We will look at how institutional theories about the State are relevant
to the composition classroom, as well as how we may or may not be able
to change academic and programmatic institutions.
Before
Class
- Read Foucault
"The Means of Correct Training" [BB]
- Read Althusser
"Ideology and The State" [BB]
- Read Porter
et al. "Institutional Critique" [College
Composition and Communication, 51.4]
- Read Bousquet
"Composition as Management Science" [BB]
- Read Crowley,
"Composition's Ethic of Service" [BB]
FreeWrite
Map
the major rhetoricians and scholars–those who develop rhetorical
theory and those who use it for their practices–that we have studied
so far. The purpose of the freewrite is to design a tool that will be
useful for you to understand the big picture of the readings we have worked
with so far (as well as the readings for the final few weeks). Choose
a strategy that will work best for you. Spend ten to twenty minutes (no
more) working on this. Use a colored marker–preferably black–so
that you can share yours with the class.
Questions
and Discussion (by
Erin Pastore)
Althusser
- If ideology serves to “transform individuals into subjects” in order to ensure a perpetuity of ideological production, it seems that Althusser is calling for a Marxist class revolt as the only solution to changing/ breaking/ adapting ideology. From this perspective, which subjugated class might he say is in more dire need of a revolt: undergraduates or graduate students and/ or adjuncts? Why?

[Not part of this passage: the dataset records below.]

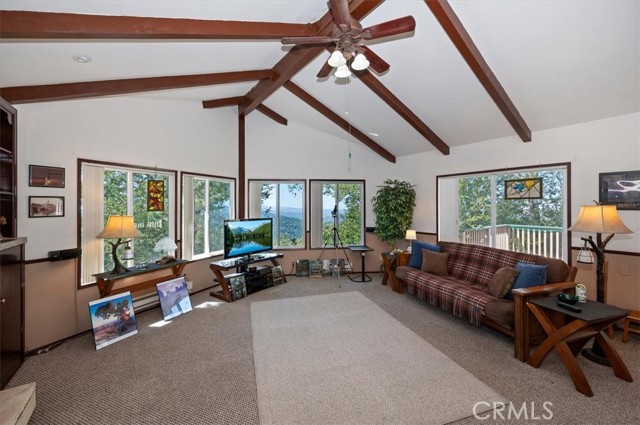 815 Chamois, Crestline, CA 92325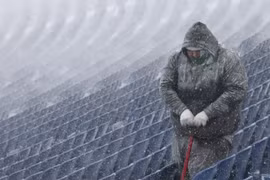 Toàn cảnh nước Mỹ chìm trong băng giá, hơn 90 người chết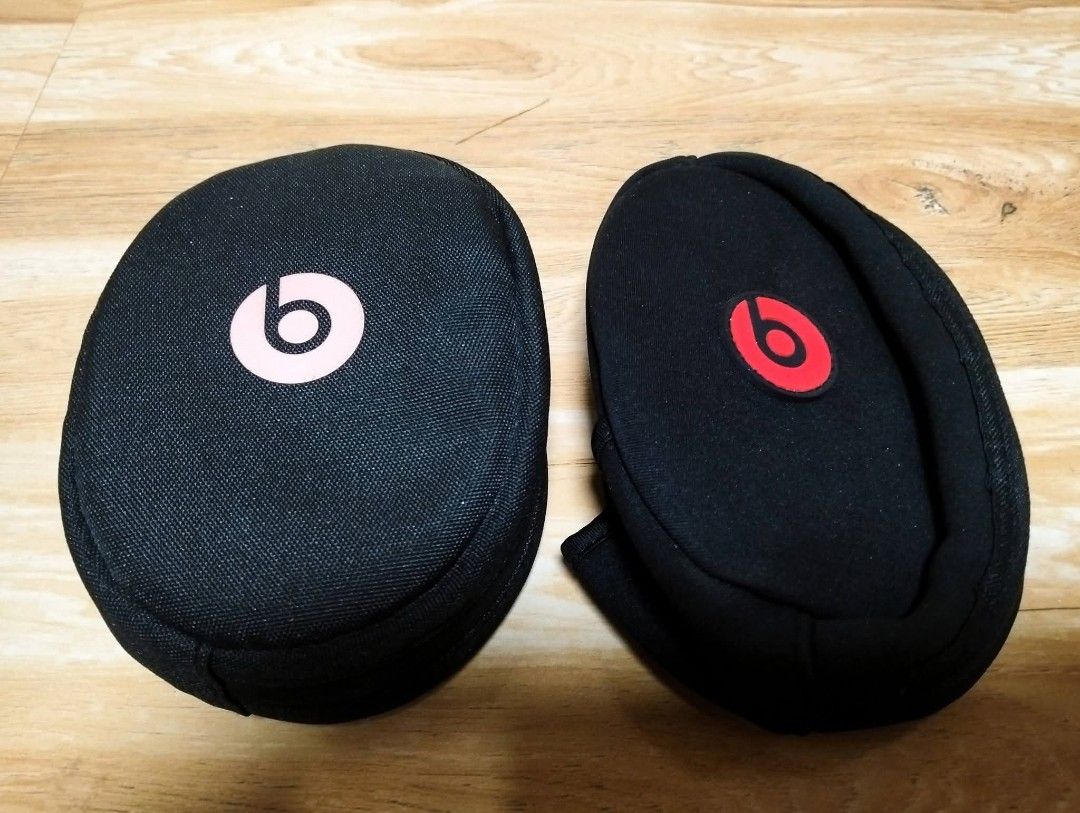 BEATS HEADPHONE CASE (Category: Portable Audio Accessories) located in Cabuyao City. Submitted by trip10clothing (Listing ID 1451920161, Image 1). Description: READ FIRST... FOR SALE: BEATS HEADPHONE CASE Excellent Condition Looks New PRICE: 600 EACH + SF PICK UP OR SHIPPING LOCATION: Cabuyao Laguna -NO COD/COP- DM📩.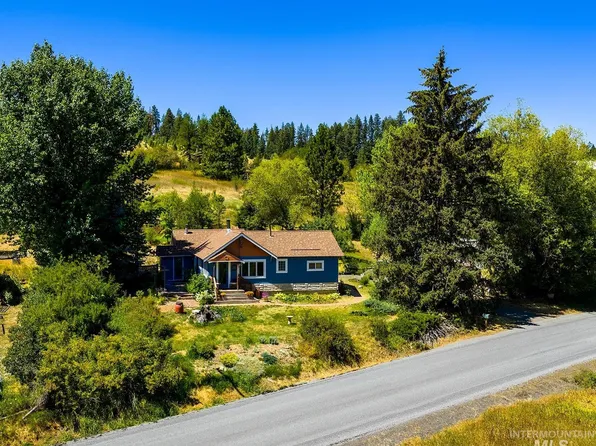 1031 Spring Valley Rd, Troy, ID 83871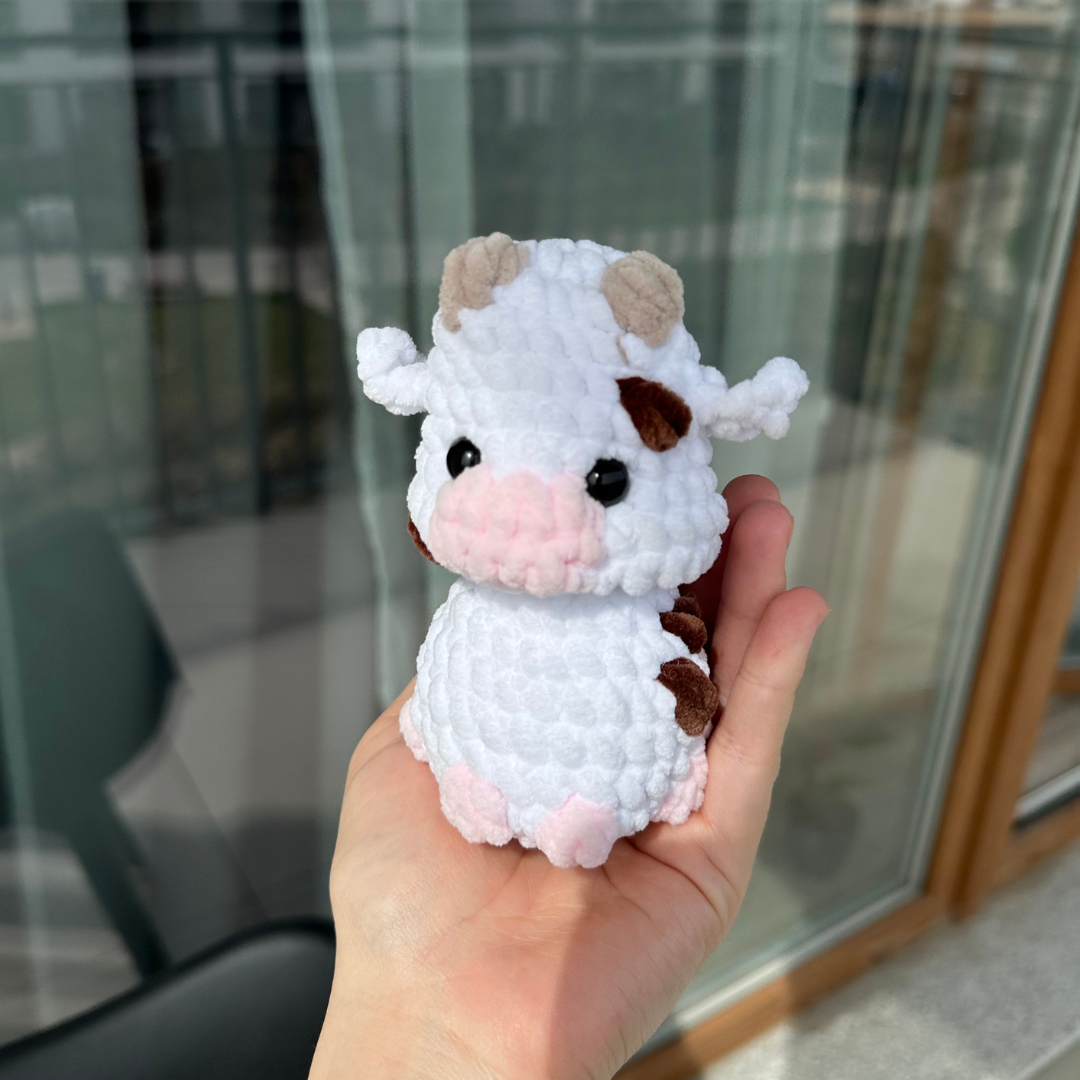 No-Sew Cow Crochet Pattern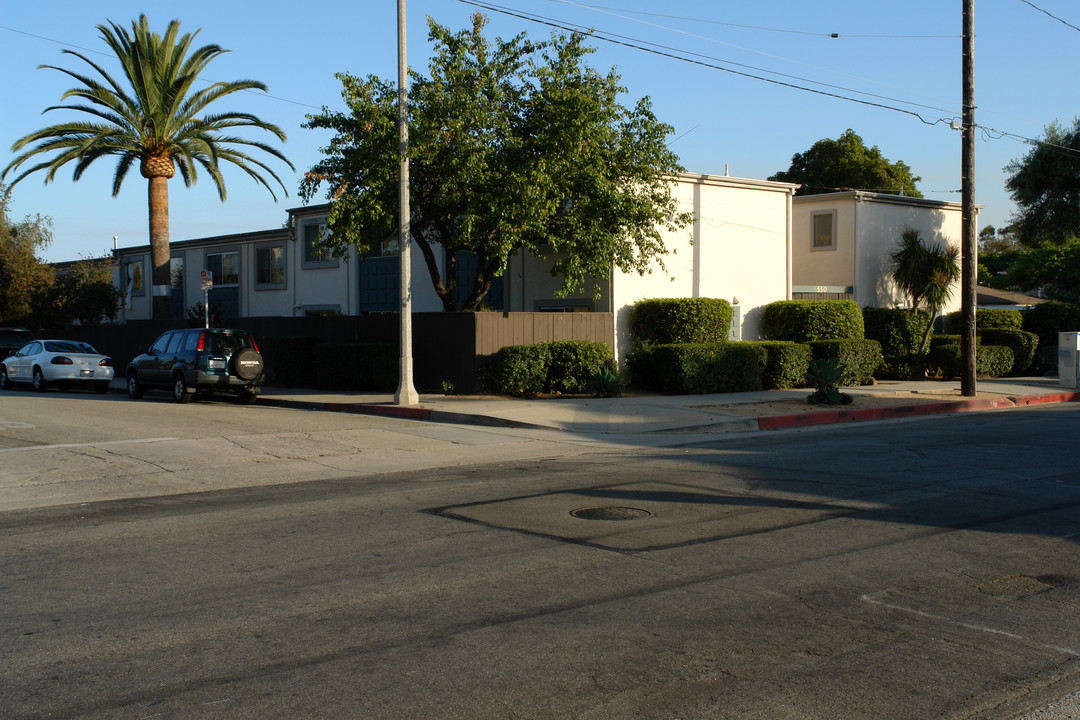 550 E De La Guerra St in Santa Barbara, CA - Building Photo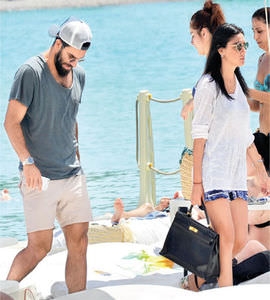 15-09/15/1442299696222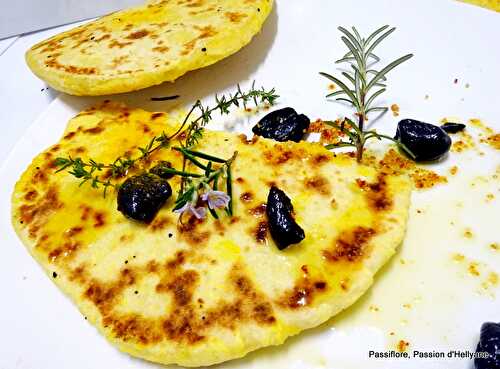 Recette facile du pain KESRA au curcuma et à l'huile d'olive des Baux de Provence - Passiflore, Passion d'Héllyane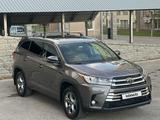 Toyota Highlander 2017 года за 18 800 000 тг. в Шымкент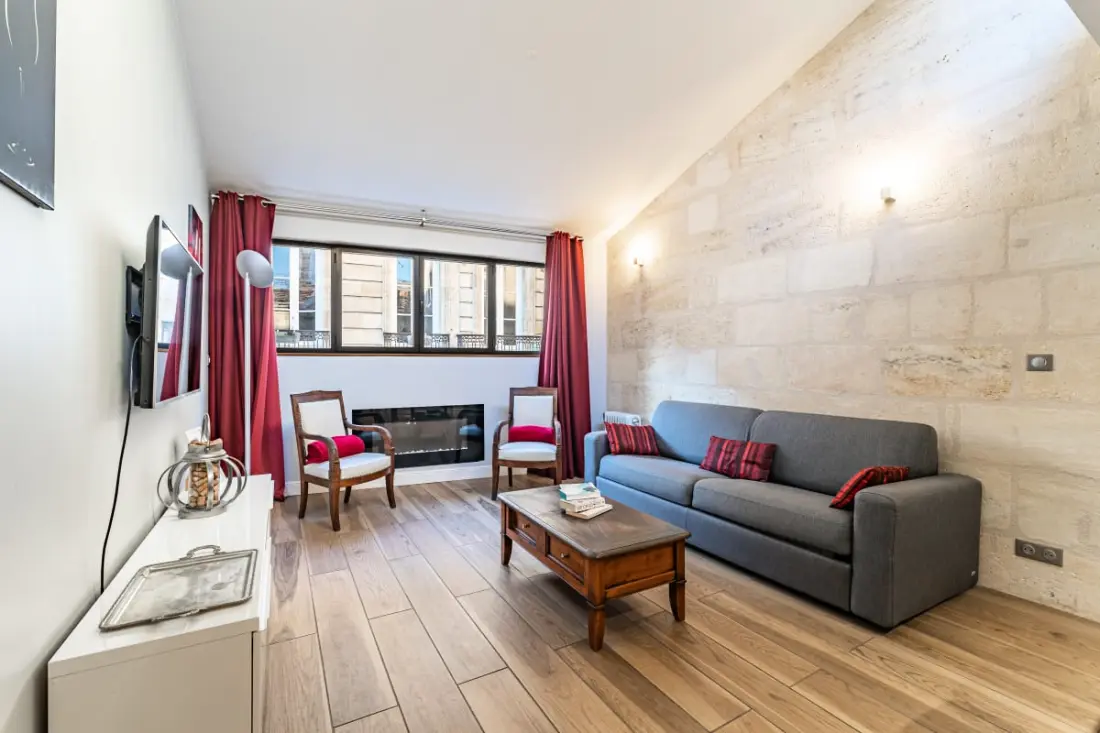 Superbe Duplex De Qualité, En Hypercentre Avec Rooftop Et Climatisation
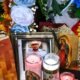 muertes mexicanos bajo custodia — Un altar con una fotografía de un hombre y velas simboliza el duelo por los migrantes fallecidos en operativos de ICE. Foto de: CNN en Español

- Given the ultimate subjugation, can ideologies function positively for epistemological purposes? Or does being inherently imaginary make all permanently dangerous?
- Althusser makes a claim that ISAs function to produce complicit workers for their ideological system; how might this tie to Crowley’s call to eliminate Frosh Comp?
Foucault
- How do Foucault’s visual metaphors work to support his argument that discipline is the exercise of constant and nearly invisible power?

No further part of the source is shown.